— Task instructions —
Look through the data below for the line with "Малек, рыба, зарыбок, гибрид" and the line with "BIODIVERSITY Mexico is", then output those two and all lines in between, exactly as written.

— Excerpted records —

────────────────

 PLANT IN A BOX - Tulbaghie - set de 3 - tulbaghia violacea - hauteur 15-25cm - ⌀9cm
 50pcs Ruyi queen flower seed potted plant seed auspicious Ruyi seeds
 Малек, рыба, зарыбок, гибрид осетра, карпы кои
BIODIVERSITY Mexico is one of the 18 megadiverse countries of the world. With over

────────────────

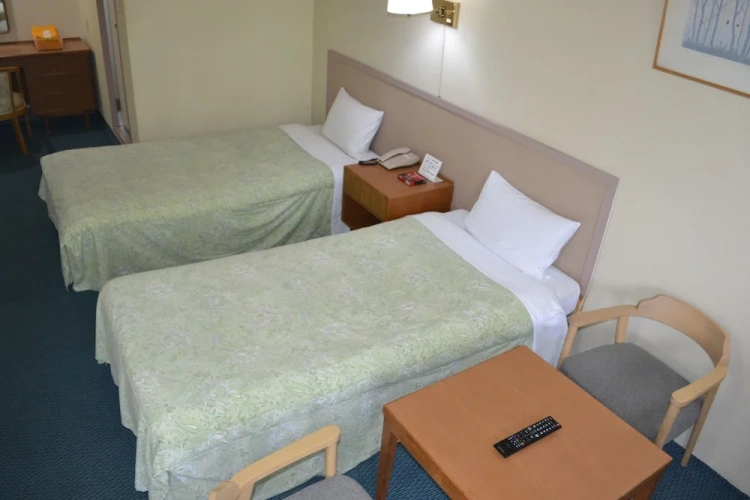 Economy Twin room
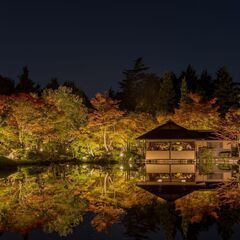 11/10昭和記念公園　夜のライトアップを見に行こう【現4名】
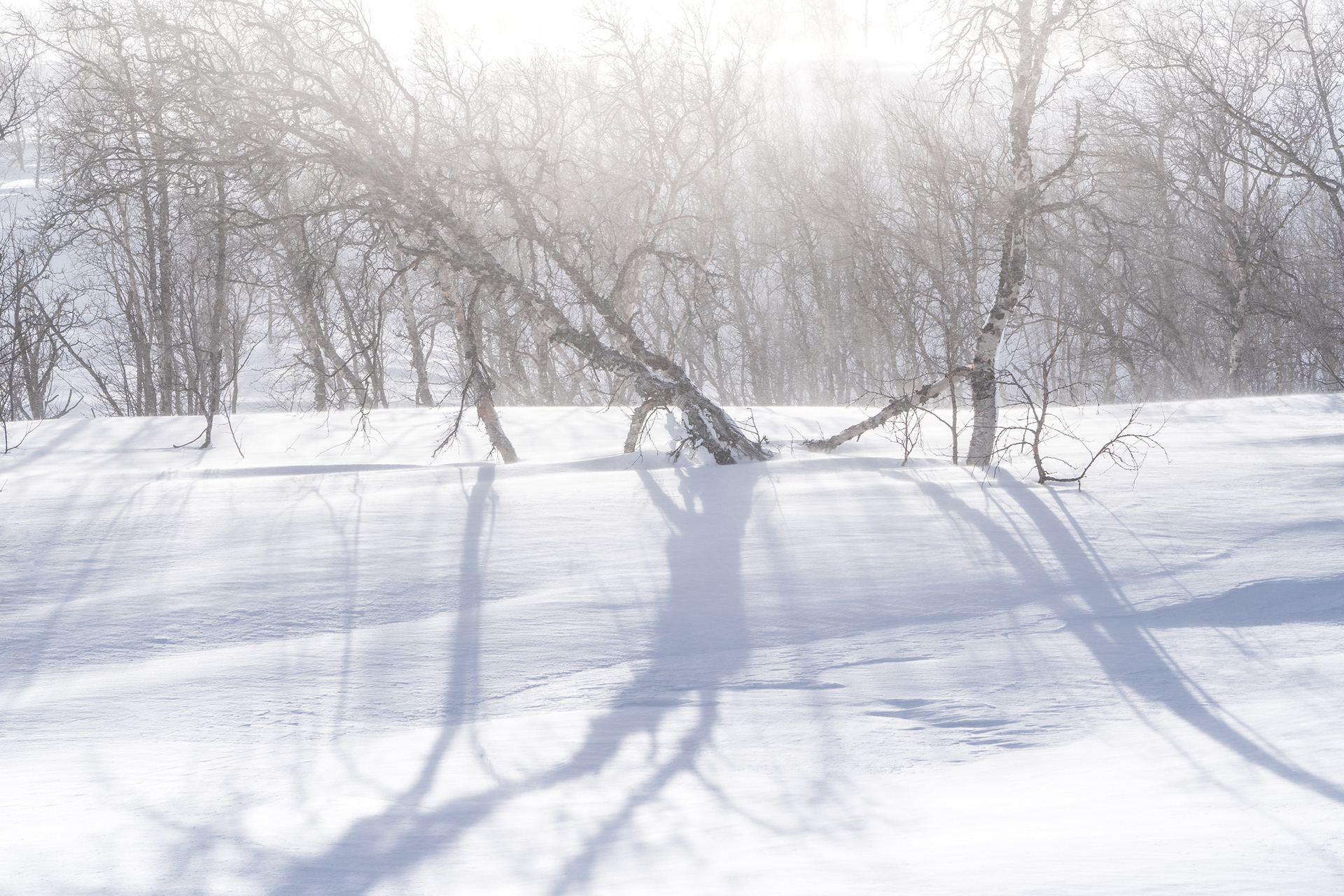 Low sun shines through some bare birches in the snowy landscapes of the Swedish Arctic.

────────────────

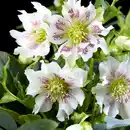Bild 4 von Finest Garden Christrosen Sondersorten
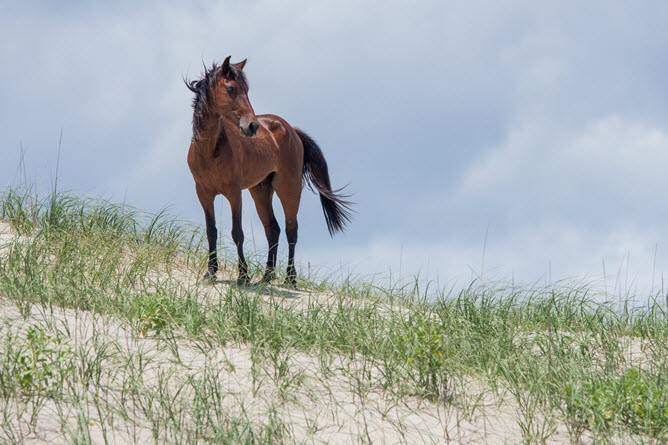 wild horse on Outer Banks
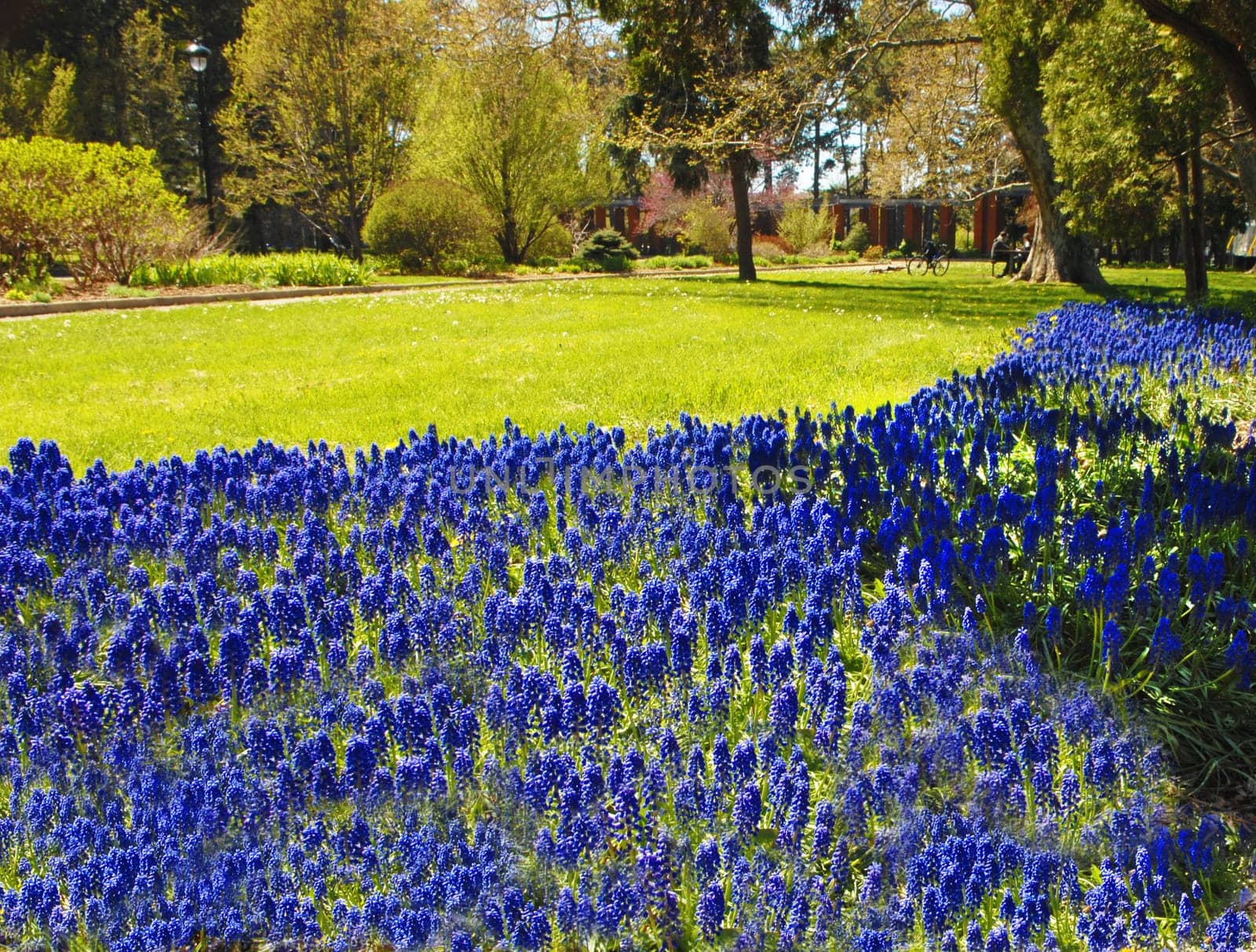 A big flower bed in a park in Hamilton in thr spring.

────────────────

— Solution below —
 Малек, рыба, зарыбок, гибрид осетра, карпы кои
BIODIVERSITY Mexico is one of the 18 megadiverse countries of the world. With over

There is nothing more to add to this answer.